▶ _Your objective_
Each line from the one holding "Happy Young African" to the last line of the listing must be set down exactly. No pictures are to be included.

--- Data excerpt ---

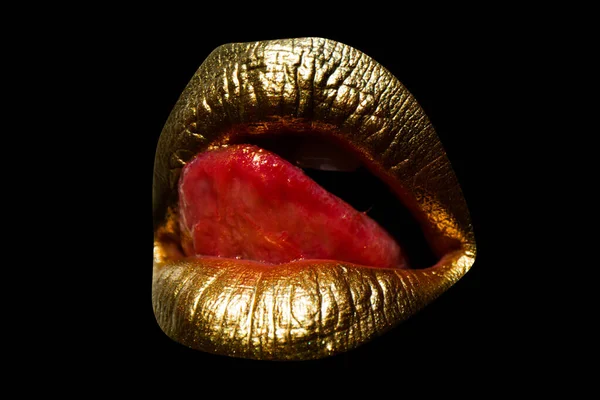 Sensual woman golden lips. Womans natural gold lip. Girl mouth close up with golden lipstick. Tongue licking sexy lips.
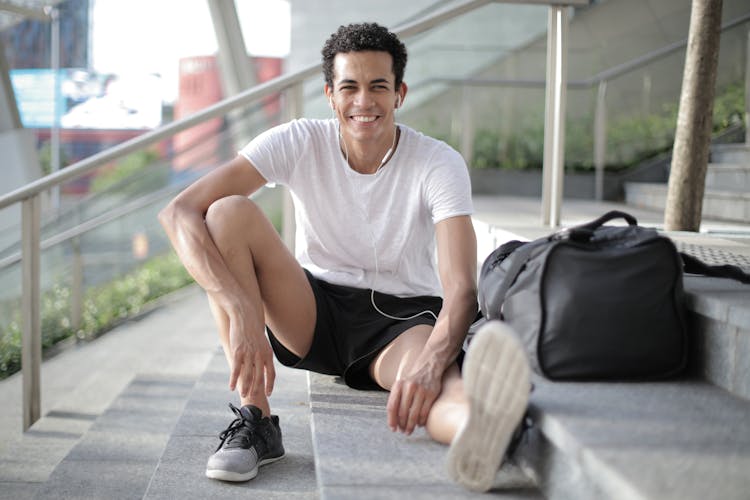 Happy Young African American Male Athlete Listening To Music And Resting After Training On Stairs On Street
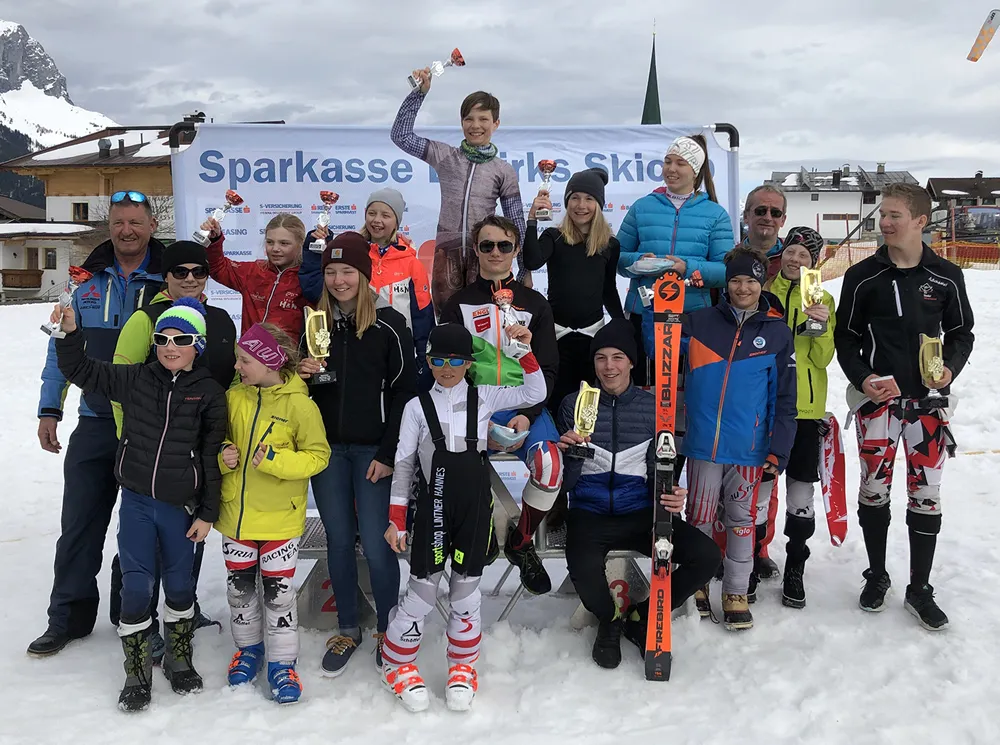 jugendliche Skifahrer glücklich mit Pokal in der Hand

---

▶ _Reply to the task_
 Happy Young African American Male Athlete Listening To Music And Resting After Training On Stairs On Street
 jugendliche Skifahrer glücklich mit Pokal in der Hand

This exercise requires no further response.